When Alteryx imports data through an input tool it chooses a data type for each field imported based on its best guess of the type in the data source. You will find (especially when importing from text, csv and excel files where there is no metadata), that Alteryx defaults to seeing these as a string (text) field.
After running our workflow, we can click on the Browse tool and select Metadata in the results window. This will show us the type and size of data that has been passed to the browse tool. As you can see Alteryx, as expected, imported all our data as a V_String data type.
It’s often the case that we would like the data to be some other type for certain fields. Alteryx offers a few quick and intuitive ways to do this depending on the type and how well you know the data you've imported.
In the Preparation tab on the tool pallet there is a tool called Auto-Field (shown below).
In the configuration window we can select some or all fields for Alteryx to convert to the data type it thinks is most suitable. For example, it will detect if a field contains only strings or numbers and convert it accordingly. However, it will go one step further and makes sure to select the most appropriate data source that reduces the size of the data without losing any precision or value.
What does that mean? Suppose we have a field that contains decimal numbers, such as 1.3, 2.4, 7.1 etc that have originally being imported as a V_String data type. Auto-Field would detect that this field contains numeric values and that although converting to Int16 would reduce the size of the data, 1.3 would be converted to 1, 2.4 to 2 etc and this would be a loss of precision and Auto-Field would instead convert the field to decimal data type to preserve precision.
Let’s add an Auto-Field Tool in-between the Select Tool and Browse Tool in our workflow.
Select the Auto-Field Tool to display the configuration window and you will see, as default, that all fields are selected. This means Alteryx will perform the Auto-field operation on all fields. Let’s leave all fields selected and run the workflow (Ctrl-R).
Once the workflow has run, click on the Browse Tool and let’s have a look at the metadata again.
As we can see Auto-Field has converted all the fields into what it believes is the most appropriate and efficient data type. However, it’s not perhaps the best type for how we would like to work with the data so let’s discuss how we can improve on what Alteryx has done
If we know something about the data that is not obvious to Alteryx such as what the data represents or perhaps how we would like to perform additional processing on it further along in the workflow then we can manually convert the data type using the Select Tool.

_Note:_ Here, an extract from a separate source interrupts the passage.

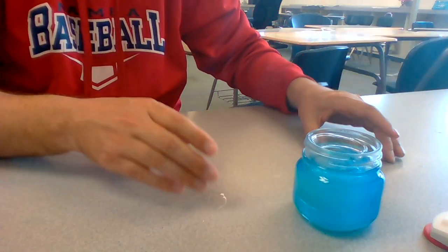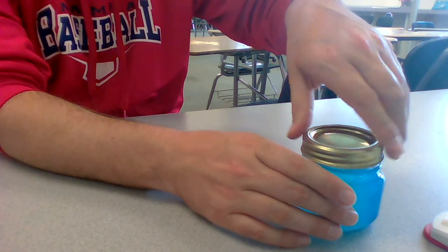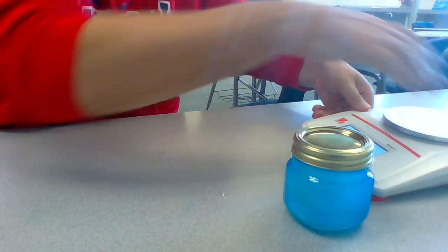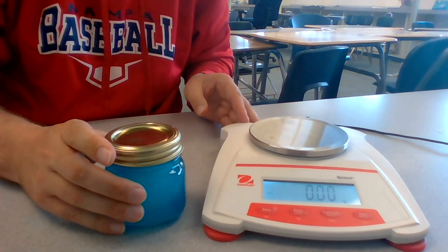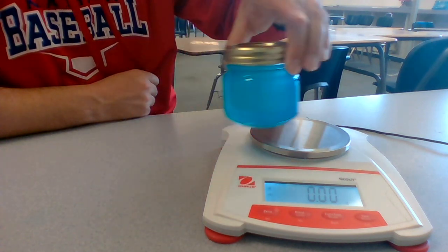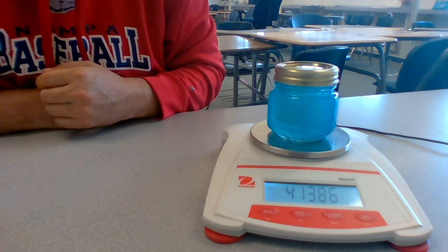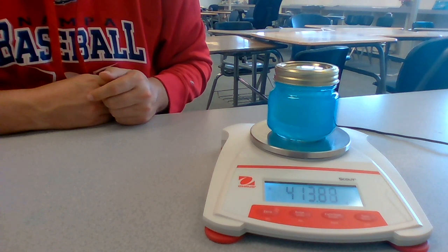All right, got it. And then I'm going to go ahead and put a lid on this. Now we are going to weigh the entire thing on our triple beam balance. If you notice here, it says 0.00. I'm going to place this on our balance. We'll see what this says. It now weighs 413.86 grams. So before the reaction even happens, it weighs 413.86 grams.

We’ve already used the Select Tool to remove fields from our data but we can also use this to quickly convert the data type of a field before it is processed downstream. We do this in the Select Tool configuration window by picking a data type from the drop down in the "Type" column of the field we would like to convert.

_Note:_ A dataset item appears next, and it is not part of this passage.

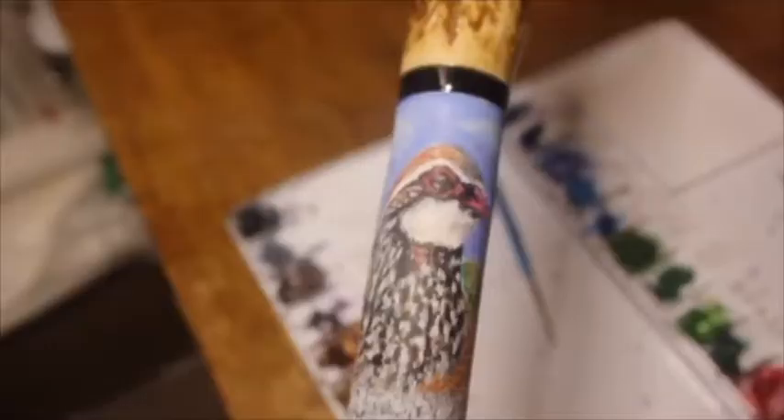The next one is a French partridge, which is almost complete. I just need a few finishing touches and then that one will be completed as well.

After the Auto-Field Tool worked on our data we saw that “Order_No”, “Customer_ID” and “ProductID” were converted to different types of Int (integer) which is a numeric data type. This makes sense as all these fields contain numeric values, however what Alteryx didn’t know is that these are more like numeric identifiers of the orders, customers and products of our ecommerce business and not continuous numeric values. As such, further along in the workflow we might want to do additional processing such as grouping by or concatenating these identifiers so we would prefer to have these as strings.
So let’s add a Select Tool between the Auto-Field Tool and the Browse Tool and convert the “Order_No”, “Customer_ID” and “ProductID” fields to data type “V_String” using the drop downs in the configuration window.
The data type that is often most troublesome when importing from sources like text files are date and time fields. Dates are often imported as strings as the date part seperators cause Alteryx to see the values as non-numeric. Alteryx provides us with a DateTime parse tool located in the Parse tab of the the tool pallet to correct this.
In the results window we can see that we have a field “Order_Date” with record 1 having date 22/11/17.
This is clearly a date to our eyes but if we click on metadata we can see that Alteryx has read this as a string. Let’s change that.
Go to the Parse tab on the tool pallet and locate the DateTime Tool. Click and drag the tool inbetween the Auto-field Tool and the 2nd Select Tool in the main workspace.
Select the DateTime Tool to display the configuration window. Here we tell Alteryx whether we want to convert a string to date or date to string. In our case we would like to convert the “Order_Date” string field to a date.
The DateTime Tool will create an additional converted date field and leave the original string field in it’s current state. The new field now requires a different name and we will call it “OrderDate”
Finally we need to select the format of the string that we want to convert to a date. As we can see in the data, “Order_Date” is in the format “dd/mm/yy” (i.e. 22/11/17 as seen in record 1)
Now run the workflow and click the Browse Tool. We can see that Alteryx has created the field “OrderDate” and if we select metadata we see that the data type of this field is “Date”.
There’s just one last thing to take care of. We no longer need the “Order_Date” string field so let's remove this using the Select Tool already in the workflow.